THANKFULLY, budget carriers don’t do long haul and Emirati economy is nothing like that. The rather comfortable twenty-four hour flight brought me into Flughafen Wien to the sights of Klimt, Klimt and Klimt all over Arrivals from where we were quickly shuttled off to the Hilton Vienna Waterfront Danube. It was like watching a sausage being made when the piano piece of many a childhood recital was revealed nowhere near shades of blue. I acted the insulted liver sausage and joined the pre-arranged bus roundabout of the city ever so slightly miffed.
The city otherwise proved itself reason for inspiration of the Classical greats and the Vienna Secession. Nothing excited me more than the sight of Café Sacher.
“One Sach…how is that pronounced?”
“Sach(pleghmatics)er Torte, please.”
“Close enough. Coming up!”
The Original Sacher Torte has two layers of chocolate cake made distinct from any other I’ve had only by the apricot jam it sandwiches in between and the incredibly smooth chocolate icing several density notches below a standalone soft chocolate piece. Kaffee Weiner Melange, much like a cappuccino with an espresso shot served topped with steamed milk and milk foam, provides a creamy liquid contrast along with the Schlag, unsweetened whipped cream, that the cake is served with.
I took that to be a rather sweet appetizer to dinner across the street at the Augustiner Keller, one of Vienna’s oldest and last Hueringers or wine tavern restaurants. We started with a Styrian Salad topped with Bacon-wrapped Feta Cheese. After all, what is a salad without meat and dairy?

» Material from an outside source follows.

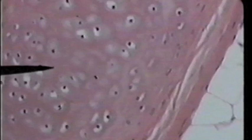Hyaline cartilage is recognizable because it does not have visible fibers in the matrix. In the matrix, we find lacunae. Lacunae are the spaces within which the cells reside. The tip of the pointer here is indicating a clear, round lacuna. That's not the cell — the cell resides within the lacuna. When this tissue was living, the cell completely filled up that lacuna.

The main was a Braised Pork Hock, the solo size of our usual Crispy Pata serving. Tender skin and meat fell off the bone and onto the mountain of sauerkraut it rested on. I love sauerkraut but the heaping plateful was a case of way too much of a good thing. That set the mood for the rest of our sauerkraut encounters for the rest of the trip which was practically every single meal. Dessert was Apple Strudels very much unlike the schiesse that I know as strudel back here. Of course, I had a beer to wash all that down — the house beer, an Amber Ale by my best approximation.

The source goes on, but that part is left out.